As soon as they had eaten the lamb with the bread and the bitter herb, Jesus filled the common cup for the third time and gave it to the Apostle nearest Him, "Drink ye all of It; for this is my blood of the new testament, which is shed for many." (Matt. 26:28)

His blood, mixed with sweat, had not yet fallen on the ground, under the olives, and had not yet dropped from the nails upon Golgotha. But His desire to give life with His life, to redeem with His suffering all the sorrows of the world, to transmit at least a part of His substance to His immediate heirs; this desire to give Himself up wholly for those whom He loves is so great that from this moment on, He feels the immolation complete and the gift possible. If bread is the body, blood is in a certain sense the soul. The Lord said to Noah: "But flesh with the life thereof, which is the blood thereof, shall ye not eat." (Gen. 9:4) With blood as visibly representing life, the God of Abraham and of Jacob had established the covenant with His own people. When Moses had received the law, he had sacrificed oxen, took half of the blood and put it in basins, and half of the blood he sprinkled on the altar: "And Moses took the blood, and sprinkled it on the people, and said, Behold the blood of the covenant which the Lord bath made with you concerning all these words." (Exod. 24:8)

But after a trial of many centuries, God had announced by the voice of the prophets that the Old Covenant was obliterated and abrogated, and that another was henceforth nec­essary. The blood of animals sprinkled upon stubborn heads and upon blaspheming faces had lost its virtue; another Blood, purer and more precious, was needed for the New Covenant, for the Last Covenant of the Father with His perjured children.
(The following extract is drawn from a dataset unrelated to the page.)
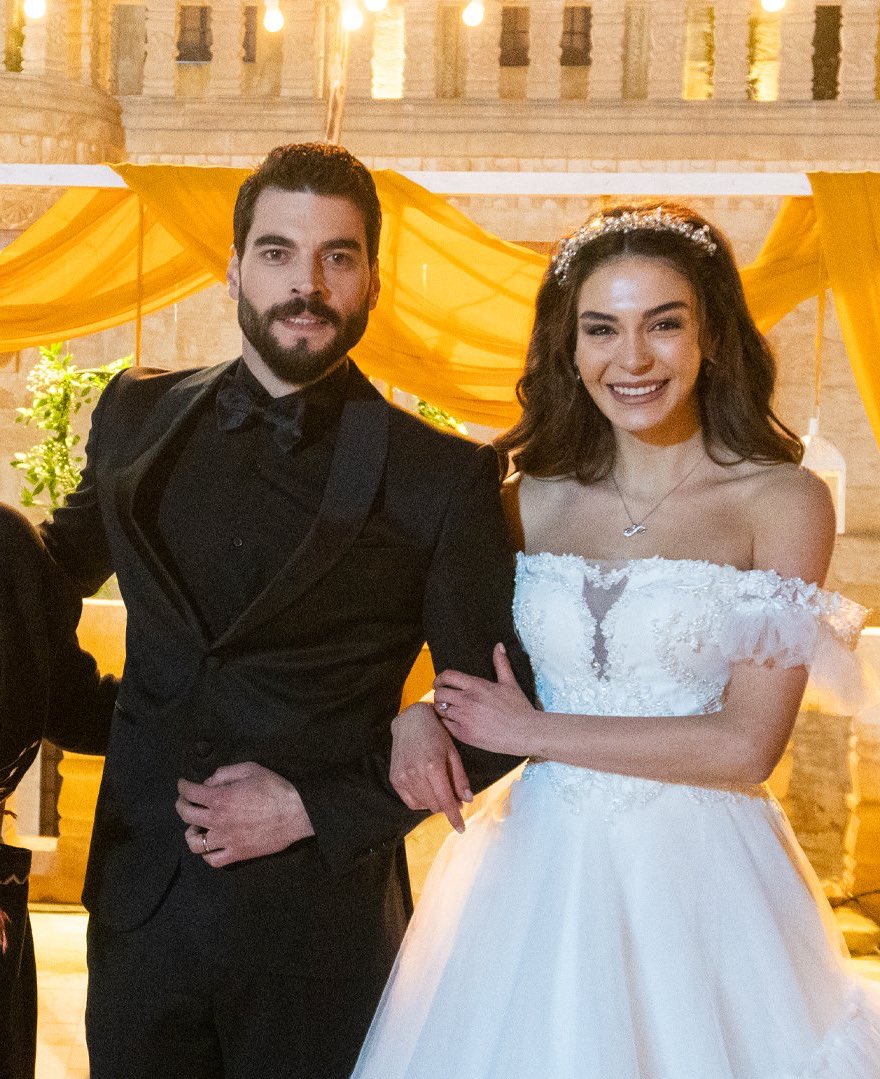 880x1079   Tweet - \ "я мертвый #hercai #reyMir # Ebruşahin # Akınakınözü \" - Trendsmap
In many ways He had already tried to lead His first-born to­wards the narrow door of salvation; the rain of fire on Sodom, the washings of the waters of the flood, the Egyptian slavery, hunger in the desert, had terrified them without reforming them.

And now there had come a Liberator at once more divine and more human than the old Captain of Exodus. Moses also saved a people, spoke upon a mountain, and announced a promised land. But Jesus saves not only His people, but all peoples; *writes His laws not upon stone, but upon human hearts which acted as stone; and His promised land is not a country of rich grazing-land and vineyards, with great clusters of grapes, but a King­dom of holiness and eternal joy. (Changes-New meanings and new sights) Moses had killed a man, and Jesus brought the dead to life; Moses changed water into blood and Jesus, after having changed water into wine at the wedding banquet, changed wine into blood, into His own blood, at the melancholy last supper of His marriage with death. Moses died full of years and honors on a solitary mountain top, glorified by his people; and Jesus was to die among the insults of those whom He loved.

The blood of oxen, the impure blood of earthly animals, involuntary and inferior victims, is no longer sufficient. The New Covenant was established that night with the words of Christ, who under the appearance of wine shed His own blood and His own soul: "This cup is the new testament in my blood, which is shed for you." (Luke 22:20)

It was shed not merely for the Twelve who were there; they represent in His eyes all of humanity alive at that time and all those to be born thereafter and for those that awaited His coming looking forward in faith to His arrival. The blood which was to be shed the next day, on Golgotha, was real blood, actual, warm blood congealing on the cross in clots which all the tears shed by Christians can never wash away. But the blood of the Last Supper represents a soul which gave itself up to make over into His own likeness, the souls shut up in the bodies of men: which was given to those who asked for it and to those who fled away from it, which had suffered for the sake of those who had received it and for those who had blasphemed it. This baptism of blood which came after the baptism of water by John, after the baptism of tears by the women of Bethany, after the baptism of spitting by the Jews and by the Romans, this baptism of blood, red as the baptism of fire announced by the prophet of fire, and mixed with the tears shed by women over His blood-stained body, this is the greatest sacrament, revealed to His betrayers, by Him who was betrayed.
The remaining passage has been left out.